Nearly three years ago, an intrepid group of astronomers – including two UCSB researchers – lofted a giant helium balloon into the sky.

The balloon, borrowed from NASA, served as a platform for launching a probe into the Milky Way galaxy with the aim of collecting data samples of the heat that radiates from certain stars. What the scientists ended up discovering, however, was quite unexpected.

The researchers found that their ARCADE probe – an Absolute Radiometer for Cosmology, Astrophysics and Diffuse Emission – was prevented from completing its original mission due to the presence of a mysterious and powerful cosmic noise.

Many objects in space can generate radio waves. At a very low level, these waves are a common occurrence in the Milky Way and ordinarily produce a faint background radio emission that can be detected by certain scientific apparatuses.

What has baffled the scientists behind the ARCADE mission, however, is that the powerful static discovered by the probe blasts through space six times louder than anyone ever expected, team leader Alan Kogut said.
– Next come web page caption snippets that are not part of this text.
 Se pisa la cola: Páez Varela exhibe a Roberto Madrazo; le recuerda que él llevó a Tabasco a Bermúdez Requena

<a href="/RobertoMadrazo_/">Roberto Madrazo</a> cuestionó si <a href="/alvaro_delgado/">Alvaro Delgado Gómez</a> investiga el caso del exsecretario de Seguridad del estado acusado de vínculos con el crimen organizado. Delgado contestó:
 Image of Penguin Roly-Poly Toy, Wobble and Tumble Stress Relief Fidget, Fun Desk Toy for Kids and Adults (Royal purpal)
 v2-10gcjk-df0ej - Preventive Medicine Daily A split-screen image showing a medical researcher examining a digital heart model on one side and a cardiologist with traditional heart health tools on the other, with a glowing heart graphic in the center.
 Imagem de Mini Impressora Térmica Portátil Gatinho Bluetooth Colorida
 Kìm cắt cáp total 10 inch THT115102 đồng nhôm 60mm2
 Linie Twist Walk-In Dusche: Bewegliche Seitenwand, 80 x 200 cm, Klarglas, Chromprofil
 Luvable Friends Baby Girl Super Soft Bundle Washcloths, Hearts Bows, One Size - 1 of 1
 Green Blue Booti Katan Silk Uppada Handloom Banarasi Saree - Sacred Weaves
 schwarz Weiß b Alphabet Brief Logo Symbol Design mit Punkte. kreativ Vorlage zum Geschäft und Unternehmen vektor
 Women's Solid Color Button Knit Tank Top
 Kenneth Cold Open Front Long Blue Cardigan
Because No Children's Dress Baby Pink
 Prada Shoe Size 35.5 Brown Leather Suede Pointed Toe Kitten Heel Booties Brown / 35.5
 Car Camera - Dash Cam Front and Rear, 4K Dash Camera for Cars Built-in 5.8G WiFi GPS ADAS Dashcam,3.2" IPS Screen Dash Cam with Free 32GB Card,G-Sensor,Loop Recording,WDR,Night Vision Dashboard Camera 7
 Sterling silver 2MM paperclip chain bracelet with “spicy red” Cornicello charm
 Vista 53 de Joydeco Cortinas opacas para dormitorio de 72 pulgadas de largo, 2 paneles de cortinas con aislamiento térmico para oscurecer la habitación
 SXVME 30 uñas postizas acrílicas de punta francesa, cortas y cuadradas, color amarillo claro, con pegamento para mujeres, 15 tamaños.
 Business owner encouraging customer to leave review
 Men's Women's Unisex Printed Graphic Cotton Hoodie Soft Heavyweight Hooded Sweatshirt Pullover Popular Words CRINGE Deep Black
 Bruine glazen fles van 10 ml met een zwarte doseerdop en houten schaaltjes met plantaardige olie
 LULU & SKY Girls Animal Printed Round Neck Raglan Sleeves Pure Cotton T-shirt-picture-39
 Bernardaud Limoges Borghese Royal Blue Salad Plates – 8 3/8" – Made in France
“The universe really threw us a curve,” Kogut, a NASA astrophysicist, said in a press release. “Instead of the faint signal we hoped to find, here was this booming noise six times louder than anyone had predicted.”

Yet even more perplexing to the ARCADE team is the deafening cosmic static’s apparent lack of a source.

A study was done to ascertain what may have caused the readings, but it was determined that the signal could not be explained by radio galaxies, instrument error or any other source.

The results open up new questions for astronomers, since there is currently no explanation for existence of the cosmic static. Even if all of the known galaxies in the universe combined their radio emission, they could still not generate the signal detected by the NASA balloon.

UCSB Physics professor Philip M. Lubin said that the static provides scientists with a new cosmic puzzle to unlock.

“It seems as though we live in a darkened room and every time we turn the lights on and explore, we find something new,” Lubin said in a press release. “The universe continues to amaze us and provide us with new mysteries. It is like a large puzzle that we are slowly given pieces to so that we can eventually see through the fog of our confusion.”

Lubin said that it is not known if the waves are from a single source or from various locations. The noise, he said, may point to an event which occurred around 7 billion years ago when galaxies were first being formed.

According to Lubin, the facilities needed to measure the waves would have to be unbelievably huge, as the waves are 100,000 times smaller in wavelength compared to the visible light spectrum. To accurately detect these waves would require tools capable of measuring at a very high resolution, he said.